P.S. the "Patol Babu" excerpt above is from Ray’s own English translation of the story, most recently published in Classic Satyajit Ray. Incidentally, this is also the story that Dibakar Banerjee has adapted for his short film for the 100 Years of Cinema project. As mentioned in my Banerjee profile for Caravan, Nawazuddin Siddiqi - an actor who struggled for years before breaking into the big league - is playing the lead role in that film, which will incorporate elements from Nawazuddin's own real-life story.

And an anecdote from an email exchange: probably not something one should read too much into, but then again who knows.
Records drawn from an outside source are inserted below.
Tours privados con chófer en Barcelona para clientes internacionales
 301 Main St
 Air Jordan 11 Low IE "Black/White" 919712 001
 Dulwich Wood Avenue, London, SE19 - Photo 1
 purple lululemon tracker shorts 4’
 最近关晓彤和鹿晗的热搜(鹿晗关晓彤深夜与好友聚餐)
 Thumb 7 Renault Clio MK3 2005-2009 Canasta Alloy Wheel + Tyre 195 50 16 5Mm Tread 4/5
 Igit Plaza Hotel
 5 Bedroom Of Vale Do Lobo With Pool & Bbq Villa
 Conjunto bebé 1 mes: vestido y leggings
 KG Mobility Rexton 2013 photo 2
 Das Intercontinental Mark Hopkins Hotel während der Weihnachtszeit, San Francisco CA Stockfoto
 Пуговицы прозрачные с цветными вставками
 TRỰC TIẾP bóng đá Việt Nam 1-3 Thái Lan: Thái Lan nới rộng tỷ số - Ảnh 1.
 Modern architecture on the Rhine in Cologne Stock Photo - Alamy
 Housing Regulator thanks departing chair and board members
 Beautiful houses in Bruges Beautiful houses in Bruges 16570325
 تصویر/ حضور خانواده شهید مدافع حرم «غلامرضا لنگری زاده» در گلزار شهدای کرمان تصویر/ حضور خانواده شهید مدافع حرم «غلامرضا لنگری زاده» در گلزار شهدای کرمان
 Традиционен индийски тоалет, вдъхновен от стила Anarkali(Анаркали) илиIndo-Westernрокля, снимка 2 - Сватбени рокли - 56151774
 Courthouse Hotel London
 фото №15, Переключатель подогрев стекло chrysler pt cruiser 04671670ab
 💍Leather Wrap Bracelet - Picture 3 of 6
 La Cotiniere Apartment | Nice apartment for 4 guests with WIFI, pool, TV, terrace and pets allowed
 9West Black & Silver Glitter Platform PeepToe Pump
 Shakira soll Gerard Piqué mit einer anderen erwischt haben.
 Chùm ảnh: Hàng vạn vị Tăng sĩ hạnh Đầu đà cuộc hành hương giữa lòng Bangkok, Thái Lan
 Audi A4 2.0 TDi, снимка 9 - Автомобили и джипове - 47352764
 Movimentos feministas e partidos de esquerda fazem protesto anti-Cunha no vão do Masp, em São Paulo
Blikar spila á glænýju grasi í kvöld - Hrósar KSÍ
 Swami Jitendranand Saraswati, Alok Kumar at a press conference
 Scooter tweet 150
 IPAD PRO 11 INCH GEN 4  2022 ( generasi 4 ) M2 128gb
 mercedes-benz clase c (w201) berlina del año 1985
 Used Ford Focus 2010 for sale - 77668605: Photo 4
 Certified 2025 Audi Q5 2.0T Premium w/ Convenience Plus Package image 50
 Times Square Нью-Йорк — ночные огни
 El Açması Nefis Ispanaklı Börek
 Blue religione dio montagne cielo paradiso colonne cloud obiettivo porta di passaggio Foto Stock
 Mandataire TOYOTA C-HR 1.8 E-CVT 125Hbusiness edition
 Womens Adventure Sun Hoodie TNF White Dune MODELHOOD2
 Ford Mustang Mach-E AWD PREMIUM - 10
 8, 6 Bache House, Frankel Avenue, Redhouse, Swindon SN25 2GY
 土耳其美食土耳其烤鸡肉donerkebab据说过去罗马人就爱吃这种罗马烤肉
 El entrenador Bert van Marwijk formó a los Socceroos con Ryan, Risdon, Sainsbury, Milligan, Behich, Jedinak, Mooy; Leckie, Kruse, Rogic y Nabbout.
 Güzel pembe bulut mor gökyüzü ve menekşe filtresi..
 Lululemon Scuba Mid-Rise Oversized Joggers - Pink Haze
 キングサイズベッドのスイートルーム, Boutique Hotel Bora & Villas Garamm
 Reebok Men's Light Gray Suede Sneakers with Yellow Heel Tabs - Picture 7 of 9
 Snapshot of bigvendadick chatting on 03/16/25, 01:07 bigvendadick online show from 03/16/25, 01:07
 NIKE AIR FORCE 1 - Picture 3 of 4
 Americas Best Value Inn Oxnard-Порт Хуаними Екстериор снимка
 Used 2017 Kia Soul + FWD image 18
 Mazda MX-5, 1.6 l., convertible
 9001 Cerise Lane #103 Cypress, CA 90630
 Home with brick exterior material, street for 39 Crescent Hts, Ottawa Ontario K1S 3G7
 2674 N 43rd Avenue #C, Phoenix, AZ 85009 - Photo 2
A few months ago a photo of the young MacMohan from the Aao Pyaar Karein song was doing the rounds on the internet; movie buffs were asking each other to identify the man, “who became unexpectedly famous in the 1970s”. A friend tells me she was astonished by how many of her correspondents wrote back asking if the picture was that of a skinny young pre-stardom Rajesh Khanna, because “the smile is the same”. Perhaps the angle of the photo was particularly flattering to MacMohan, or perhaps this was because Khanna had recently died and everyone had him on their mind. But as my friend put it, “even if they were seeing things, clearly in that snap he did look hero-like enough for them.” (Or nearly as hero-like as Rajesh Khanna, which is not an unequivocal compliment.)